Yesterday I needed to digitise a lot of paper based documents. I started out by scanning them (using Ubuntu’s simple-scan because as far as I can tell there is no way to batch scan double sided documents on macOS in the correct order directly). I ended up with a big PDF that contained all documents in one. The task now was to split them up.

I googled a little and realised that I could use the poppler-utils (called just poppler on homebrew) to split and re-unite the PDFs. I wrote the following small bash script to do so:

#!/bin/bash
for i in $(seq 1 2 10)
do
  pdfseparate -f $i -l $((i + 1)) Scan.pdf Part-$i-%03d.pdf
  pdfunite Part-$i-*.pdf Part-$i.pdf
  rm Part-$i-*.pdf
done

What we are doing here is the following: Our PDF (called Scan.pdf) is 10 pages long and we want to separate it into five documents of two pages each. So we create a loop that iterates starting at 1 up to 10 in increments of two.
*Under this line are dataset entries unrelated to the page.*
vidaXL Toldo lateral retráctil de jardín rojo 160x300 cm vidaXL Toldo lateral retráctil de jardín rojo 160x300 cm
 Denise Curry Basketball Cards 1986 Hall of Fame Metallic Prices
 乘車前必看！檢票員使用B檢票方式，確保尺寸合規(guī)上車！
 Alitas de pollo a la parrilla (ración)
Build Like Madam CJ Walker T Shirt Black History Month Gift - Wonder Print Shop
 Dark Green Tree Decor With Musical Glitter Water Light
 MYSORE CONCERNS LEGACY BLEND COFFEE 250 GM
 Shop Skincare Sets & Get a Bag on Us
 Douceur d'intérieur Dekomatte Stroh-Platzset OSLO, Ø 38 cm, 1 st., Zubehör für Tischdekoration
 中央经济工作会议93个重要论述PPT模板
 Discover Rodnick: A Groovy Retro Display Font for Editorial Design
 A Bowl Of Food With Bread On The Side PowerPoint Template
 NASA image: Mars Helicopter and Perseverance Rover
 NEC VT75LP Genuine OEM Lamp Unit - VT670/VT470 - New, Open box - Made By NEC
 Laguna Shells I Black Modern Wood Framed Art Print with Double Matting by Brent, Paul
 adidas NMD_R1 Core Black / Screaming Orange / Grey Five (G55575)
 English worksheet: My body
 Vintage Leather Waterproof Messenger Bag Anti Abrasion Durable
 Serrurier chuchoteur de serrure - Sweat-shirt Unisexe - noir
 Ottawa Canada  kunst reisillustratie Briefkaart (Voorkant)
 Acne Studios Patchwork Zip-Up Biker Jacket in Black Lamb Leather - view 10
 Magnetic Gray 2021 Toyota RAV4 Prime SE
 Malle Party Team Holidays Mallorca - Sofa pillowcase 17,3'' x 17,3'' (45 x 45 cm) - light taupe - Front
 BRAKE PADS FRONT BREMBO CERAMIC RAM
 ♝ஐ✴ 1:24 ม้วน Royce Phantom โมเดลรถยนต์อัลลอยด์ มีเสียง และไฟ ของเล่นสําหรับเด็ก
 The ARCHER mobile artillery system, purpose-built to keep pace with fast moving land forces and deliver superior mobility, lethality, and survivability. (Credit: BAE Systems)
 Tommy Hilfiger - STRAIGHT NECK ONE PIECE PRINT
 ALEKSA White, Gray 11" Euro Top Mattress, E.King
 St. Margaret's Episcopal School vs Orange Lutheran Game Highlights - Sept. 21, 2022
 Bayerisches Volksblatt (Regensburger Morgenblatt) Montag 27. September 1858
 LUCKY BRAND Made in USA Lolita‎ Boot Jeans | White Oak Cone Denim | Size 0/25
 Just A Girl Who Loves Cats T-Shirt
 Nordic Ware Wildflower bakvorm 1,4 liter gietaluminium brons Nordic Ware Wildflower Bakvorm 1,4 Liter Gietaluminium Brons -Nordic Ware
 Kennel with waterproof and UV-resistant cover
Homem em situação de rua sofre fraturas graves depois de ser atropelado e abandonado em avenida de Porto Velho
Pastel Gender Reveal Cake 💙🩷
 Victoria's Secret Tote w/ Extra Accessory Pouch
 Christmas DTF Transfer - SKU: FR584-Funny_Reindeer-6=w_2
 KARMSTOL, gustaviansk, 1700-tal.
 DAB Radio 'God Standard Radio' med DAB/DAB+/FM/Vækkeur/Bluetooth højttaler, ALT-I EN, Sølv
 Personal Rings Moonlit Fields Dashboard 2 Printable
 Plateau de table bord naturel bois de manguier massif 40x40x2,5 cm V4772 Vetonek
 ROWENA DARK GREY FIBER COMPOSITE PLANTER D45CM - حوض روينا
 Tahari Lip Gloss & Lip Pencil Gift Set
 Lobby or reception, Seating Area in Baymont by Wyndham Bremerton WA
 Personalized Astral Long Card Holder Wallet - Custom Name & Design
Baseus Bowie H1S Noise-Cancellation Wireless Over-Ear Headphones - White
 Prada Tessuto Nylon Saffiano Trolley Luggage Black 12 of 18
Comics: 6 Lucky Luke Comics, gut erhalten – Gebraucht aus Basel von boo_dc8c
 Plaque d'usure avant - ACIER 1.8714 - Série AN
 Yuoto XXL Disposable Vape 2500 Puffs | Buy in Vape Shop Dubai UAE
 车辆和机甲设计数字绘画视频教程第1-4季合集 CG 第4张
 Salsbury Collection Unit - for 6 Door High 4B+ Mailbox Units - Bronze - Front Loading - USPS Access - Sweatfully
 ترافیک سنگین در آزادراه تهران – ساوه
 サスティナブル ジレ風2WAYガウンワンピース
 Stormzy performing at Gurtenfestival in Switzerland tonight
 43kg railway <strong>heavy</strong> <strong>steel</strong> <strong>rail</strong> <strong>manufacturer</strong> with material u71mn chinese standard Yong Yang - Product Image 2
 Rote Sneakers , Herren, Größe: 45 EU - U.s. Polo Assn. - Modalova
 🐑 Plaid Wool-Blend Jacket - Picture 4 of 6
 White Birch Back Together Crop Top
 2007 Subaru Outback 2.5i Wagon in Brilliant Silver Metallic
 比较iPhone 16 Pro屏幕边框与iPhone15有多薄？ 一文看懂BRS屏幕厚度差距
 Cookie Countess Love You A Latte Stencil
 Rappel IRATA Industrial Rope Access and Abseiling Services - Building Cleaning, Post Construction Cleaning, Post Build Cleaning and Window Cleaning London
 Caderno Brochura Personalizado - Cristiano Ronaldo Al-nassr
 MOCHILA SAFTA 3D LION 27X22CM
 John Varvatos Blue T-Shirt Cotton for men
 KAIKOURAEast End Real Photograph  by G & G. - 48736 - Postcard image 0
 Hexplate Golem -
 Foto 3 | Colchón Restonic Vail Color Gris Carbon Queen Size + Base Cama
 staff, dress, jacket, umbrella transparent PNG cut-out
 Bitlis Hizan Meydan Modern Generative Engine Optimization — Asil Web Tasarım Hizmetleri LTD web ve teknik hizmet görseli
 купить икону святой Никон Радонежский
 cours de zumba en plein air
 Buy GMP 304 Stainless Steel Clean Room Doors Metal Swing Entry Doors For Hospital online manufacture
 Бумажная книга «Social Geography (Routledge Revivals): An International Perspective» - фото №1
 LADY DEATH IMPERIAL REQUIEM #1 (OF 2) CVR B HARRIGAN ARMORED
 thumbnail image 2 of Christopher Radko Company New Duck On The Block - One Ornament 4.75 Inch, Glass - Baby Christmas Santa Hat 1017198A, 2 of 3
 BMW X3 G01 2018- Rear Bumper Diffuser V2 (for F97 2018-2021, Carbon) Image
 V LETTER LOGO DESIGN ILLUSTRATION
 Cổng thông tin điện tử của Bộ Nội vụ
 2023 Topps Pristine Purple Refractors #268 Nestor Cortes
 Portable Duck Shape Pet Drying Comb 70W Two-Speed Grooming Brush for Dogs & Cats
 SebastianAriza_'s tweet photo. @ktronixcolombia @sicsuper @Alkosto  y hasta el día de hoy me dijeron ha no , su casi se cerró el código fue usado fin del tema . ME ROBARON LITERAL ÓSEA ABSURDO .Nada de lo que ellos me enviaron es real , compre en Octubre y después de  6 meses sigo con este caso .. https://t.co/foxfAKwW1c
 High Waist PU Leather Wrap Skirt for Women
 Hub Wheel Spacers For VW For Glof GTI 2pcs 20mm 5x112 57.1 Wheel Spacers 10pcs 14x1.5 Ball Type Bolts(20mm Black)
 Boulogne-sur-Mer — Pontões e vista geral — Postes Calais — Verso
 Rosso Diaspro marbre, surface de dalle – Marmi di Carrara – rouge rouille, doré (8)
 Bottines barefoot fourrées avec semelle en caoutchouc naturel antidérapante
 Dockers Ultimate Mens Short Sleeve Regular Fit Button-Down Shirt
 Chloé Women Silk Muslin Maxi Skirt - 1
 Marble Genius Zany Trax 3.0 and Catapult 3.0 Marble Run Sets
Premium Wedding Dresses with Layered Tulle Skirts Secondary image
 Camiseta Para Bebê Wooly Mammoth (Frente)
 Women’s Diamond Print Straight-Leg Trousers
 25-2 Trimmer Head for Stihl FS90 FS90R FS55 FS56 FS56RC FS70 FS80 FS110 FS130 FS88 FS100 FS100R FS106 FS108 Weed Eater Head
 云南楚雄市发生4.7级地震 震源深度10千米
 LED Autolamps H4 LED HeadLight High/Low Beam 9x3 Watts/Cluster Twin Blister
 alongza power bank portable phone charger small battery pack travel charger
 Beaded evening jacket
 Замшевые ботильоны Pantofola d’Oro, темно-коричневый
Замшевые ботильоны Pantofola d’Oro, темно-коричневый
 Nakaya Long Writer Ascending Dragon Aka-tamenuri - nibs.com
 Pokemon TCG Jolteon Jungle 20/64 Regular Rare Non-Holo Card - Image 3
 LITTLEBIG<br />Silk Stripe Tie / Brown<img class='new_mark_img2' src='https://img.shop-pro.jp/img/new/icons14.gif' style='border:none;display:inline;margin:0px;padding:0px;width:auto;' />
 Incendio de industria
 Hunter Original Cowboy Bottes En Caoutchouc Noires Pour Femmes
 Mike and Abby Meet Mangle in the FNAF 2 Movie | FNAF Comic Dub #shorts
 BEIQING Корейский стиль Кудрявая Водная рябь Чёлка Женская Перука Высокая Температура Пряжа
pdfseparate is passed the start page with -f and the end page with -l. So in the first iteration it will start at page 1 and end at page 2. What pdfseparate does is it creates one new PDF for each page in the original document. It does so by creating a new file that has the page number wherever you provide the %d in the last argument. So in our case after the first iteration we will have two documents: Part-1-001.pdf and Part-1-002.pdf.

Since we only have one-paged documents now we need to pair them up again. To do that we use the fact that the parts that belong together start with the same string (being Part-<n>-). So we call pdfunite and tell it to merge all documents that match the Pattern Part-<n>-*) and combine them into a new document that is just called Part-<n>.pdf.

Finally we delete the intermediate PDFs. Note that this would also delete all other PDFs that match the pattern in your current working directory so make sure that you did not have any do begin with.

Finally in our example we will end up with 5 new documents of two page each: Part-1.pdf, Part-3.pdfPart-9.pdf. We could now go on to rename those again so that they aren’t only odd-numbered but I did not really care this time. One could also use pdfinfo to get the page count of the original document so that it does not need to be hardcoded in the seq but this worked well enough for the task at hand. 🚀